» Problem requirements
Please restate, word for word, the lines below that begin at the one with "巴黎和会三巨头法国总理克里孟" and end at the one with "VOLKSWAGEN T-CROSS 1.0". Leave out all other lines.

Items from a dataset
⟨

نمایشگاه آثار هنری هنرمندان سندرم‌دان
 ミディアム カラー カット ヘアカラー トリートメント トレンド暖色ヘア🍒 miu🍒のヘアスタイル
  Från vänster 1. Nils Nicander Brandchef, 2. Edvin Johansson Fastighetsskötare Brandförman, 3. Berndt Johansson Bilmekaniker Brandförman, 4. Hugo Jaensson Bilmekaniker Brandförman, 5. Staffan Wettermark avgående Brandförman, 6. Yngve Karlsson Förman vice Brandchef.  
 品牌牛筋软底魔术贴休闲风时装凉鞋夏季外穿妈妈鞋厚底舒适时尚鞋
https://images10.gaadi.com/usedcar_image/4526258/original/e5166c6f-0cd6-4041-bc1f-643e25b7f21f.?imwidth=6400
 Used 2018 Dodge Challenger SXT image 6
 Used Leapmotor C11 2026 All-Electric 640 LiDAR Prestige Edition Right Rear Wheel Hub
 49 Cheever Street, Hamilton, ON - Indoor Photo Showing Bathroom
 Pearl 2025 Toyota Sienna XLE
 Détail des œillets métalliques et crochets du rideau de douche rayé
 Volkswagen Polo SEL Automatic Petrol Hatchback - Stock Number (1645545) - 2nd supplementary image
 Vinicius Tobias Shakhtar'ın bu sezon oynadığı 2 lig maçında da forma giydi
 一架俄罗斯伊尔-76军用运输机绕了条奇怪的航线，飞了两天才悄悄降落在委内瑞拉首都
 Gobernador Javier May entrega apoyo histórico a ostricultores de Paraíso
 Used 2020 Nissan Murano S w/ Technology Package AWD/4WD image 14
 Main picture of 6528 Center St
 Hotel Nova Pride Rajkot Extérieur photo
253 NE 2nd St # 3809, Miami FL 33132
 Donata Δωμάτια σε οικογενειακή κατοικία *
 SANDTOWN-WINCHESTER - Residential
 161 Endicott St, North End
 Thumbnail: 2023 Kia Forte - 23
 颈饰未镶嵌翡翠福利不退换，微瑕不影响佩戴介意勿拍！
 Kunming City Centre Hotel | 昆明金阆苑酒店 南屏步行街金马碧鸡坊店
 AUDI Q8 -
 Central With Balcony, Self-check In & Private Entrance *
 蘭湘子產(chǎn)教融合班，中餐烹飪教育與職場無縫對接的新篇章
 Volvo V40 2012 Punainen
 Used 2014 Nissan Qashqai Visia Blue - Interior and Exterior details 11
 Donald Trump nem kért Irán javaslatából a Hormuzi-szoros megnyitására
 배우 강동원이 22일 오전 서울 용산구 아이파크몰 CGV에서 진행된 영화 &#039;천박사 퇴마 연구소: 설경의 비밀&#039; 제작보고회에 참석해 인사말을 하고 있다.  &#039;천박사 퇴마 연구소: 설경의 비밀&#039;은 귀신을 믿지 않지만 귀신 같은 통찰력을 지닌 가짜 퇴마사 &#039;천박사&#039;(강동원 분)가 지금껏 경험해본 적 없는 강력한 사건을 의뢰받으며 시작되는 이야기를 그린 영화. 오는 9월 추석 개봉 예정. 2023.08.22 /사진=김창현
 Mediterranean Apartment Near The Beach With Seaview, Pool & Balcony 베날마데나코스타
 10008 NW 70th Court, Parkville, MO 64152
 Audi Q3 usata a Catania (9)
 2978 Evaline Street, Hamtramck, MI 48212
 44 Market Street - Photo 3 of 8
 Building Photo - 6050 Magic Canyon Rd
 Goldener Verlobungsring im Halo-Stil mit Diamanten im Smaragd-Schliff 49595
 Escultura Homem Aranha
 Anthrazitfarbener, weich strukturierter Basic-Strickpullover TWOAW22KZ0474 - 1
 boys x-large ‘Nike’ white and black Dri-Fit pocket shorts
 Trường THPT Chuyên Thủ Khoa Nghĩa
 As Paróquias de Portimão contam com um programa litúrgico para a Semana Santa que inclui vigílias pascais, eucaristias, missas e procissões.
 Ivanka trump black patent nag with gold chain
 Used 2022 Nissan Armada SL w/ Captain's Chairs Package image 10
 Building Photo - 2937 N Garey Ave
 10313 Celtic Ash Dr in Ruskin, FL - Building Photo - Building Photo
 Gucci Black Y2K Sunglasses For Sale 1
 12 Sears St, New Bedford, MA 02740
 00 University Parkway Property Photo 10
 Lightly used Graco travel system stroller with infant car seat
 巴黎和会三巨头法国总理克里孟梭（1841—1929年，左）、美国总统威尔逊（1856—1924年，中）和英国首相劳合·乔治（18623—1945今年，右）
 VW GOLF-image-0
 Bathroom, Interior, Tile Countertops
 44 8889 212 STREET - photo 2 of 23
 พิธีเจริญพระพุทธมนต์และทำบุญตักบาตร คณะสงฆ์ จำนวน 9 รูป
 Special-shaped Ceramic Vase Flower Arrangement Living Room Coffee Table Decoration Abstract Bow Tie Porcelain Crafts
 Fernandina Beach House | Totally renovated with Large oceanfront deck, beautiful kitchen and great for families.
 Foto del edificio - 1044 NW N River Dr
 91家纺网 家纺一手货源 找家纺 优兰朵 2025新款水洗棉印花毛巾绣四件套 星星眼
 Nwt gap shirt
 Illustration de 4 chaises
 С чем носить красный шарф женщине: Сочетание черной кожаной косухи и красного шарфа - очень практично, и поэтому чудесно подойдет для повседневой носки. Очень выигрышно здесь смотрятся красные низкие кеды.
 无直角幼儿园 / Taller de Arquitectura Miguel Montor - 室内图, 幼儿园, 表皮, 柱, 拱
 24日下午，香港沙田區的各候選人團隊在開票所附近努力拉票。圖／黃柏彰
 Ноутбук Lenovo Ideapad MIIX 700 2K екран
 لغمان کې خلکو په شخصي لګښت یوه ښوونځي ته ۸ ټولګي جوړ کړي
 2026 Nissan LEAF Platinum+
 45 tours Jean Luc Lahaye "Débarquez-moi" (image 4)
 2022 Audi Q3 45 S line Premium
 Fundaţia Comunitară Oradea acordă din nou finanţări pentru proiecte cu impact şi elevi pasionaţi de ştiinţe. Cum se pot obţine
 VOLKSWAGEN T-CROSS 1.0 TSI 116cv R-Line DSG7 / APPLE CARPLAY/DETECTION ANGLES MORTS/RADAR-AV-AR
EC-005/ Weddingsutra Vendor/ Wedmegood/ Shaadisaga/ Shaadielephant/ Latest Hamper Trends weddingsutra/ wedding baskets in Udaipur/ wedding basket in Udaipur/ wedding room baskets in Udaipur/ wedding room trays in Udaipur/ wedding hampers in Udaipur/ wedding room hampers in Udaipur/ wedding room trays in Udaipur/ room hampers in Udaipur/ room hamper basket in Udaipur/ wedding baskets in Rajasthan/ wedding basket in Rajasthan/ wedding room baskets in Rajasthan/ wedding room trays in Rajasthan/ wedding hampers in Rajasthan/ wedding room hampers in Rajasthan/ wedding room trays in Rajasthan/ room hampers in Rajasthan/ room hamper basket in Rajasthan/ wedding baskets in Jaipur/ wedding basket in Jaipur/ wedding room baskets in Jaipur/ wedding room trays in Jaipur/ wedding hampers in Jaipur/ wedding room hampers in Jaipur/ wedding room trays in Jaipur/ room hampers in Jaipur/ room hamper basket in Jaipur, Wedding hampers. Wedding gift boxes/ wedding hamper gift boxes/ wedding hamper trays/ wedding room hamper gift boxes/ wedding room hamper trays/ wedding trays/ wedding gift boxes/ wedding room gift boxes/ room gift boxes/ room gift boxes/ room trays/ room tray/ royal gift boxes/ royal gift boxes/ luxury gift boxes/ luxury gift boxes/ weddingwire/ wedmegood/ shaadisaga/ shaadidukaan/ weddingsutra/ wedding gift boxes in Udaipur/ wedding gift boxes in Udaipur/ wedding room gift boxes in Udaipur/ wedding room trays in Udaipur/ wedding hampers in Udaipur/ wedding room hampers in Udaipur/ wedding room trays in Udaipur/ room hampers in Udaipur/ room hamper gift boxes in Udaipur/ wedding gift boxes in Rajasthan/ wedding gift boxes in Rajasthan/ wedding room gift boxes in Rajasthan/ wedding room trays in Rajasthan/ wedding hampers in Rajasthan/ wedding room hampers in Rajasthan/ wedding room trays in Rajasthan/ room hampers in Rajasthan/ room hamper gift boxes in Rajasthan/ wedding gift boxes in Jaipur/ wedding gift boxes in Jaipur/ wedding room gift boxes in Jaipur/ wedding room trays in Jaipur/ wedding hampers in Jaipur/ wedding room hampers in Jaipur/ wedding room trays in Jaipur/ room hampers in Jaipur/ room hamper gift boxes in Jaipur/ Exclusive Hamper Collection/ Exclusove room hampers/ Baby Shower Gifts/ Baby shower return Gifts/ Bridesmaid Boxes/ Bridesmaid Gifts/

⟩

» The completed task
 巴黎和会三巨头法国总理克里孟梭（1841—1929年，左）、美国总统威尔逊（1856—1924年，中）和英国首相劳合·乔治（18623—1945今年，右）
 VW GOLF-image-0
 Bathroom, Interior, Tile Countertops
 44 8889 212 STREET - photo 2 of 23
 พิธีเจริญพระพุทธมนต์และทำบุญตักบาตร คณะสงฆ์ จำนวน 9 รูป
 Special-shaped Ceramic Vase Flower Arrangement Living Room Coffee Table Decoration Abstract Bow Tie Porcelain Crafts
 Fernandina Beach House | Totally renovated with Large oceanfront deck, beautiful kitchen and great for families.
 Foto del edificio - 1044 NW N River Dr
 91家纺网 家纺一手货源 找家纺 优兰朵 2025新款水洗棉印花毛巾绣四件套 星星眼
 Nwt gap shirt
 Illustration de 4 chaises
 С чем носить красный шарф женщине: Сочетание черной кожаной косухи и красного шарфа - очень практично, и поэтому чудесно подойдет для повседневой носки. Очень выигрышно здесь смотрятся красные низкие кеды.
 无直角幼儿园 / Taller de Arquitectura Miguel Montor - 室内图, 幼儿园, 表皮, 柱, 拱
 24日下午，香港沙田區的各候選人團隊在開票所附近努力拉票。圖／黃柏彰
 Ноутбук Lenovo Ideapad MIIX 700 2K екран
 لغمان کې خلکو په شخصي لګښت یوه ښوونځي ته ۸ ټولګي جوړ کړي
 2026 Nissan LEAF Platinum+
 45 tours Jean Luc Lahaye "Débarquez-moi" (image 4)
 2022 Audi Q3 45 S line Premium
 Fundaţia Comunitară Oradea acordă din nou finanţări pentru proiecte cu impact şi elevi pasionaţi de ştiinţe. Cum se pot obţine
 VOLKSWAGEN T-CROSS 1.0 TSI 116cv R-Line DSG7 / APPLE CARPLAY/DETECTION ANGLES MORTS/RADAR-AV-AR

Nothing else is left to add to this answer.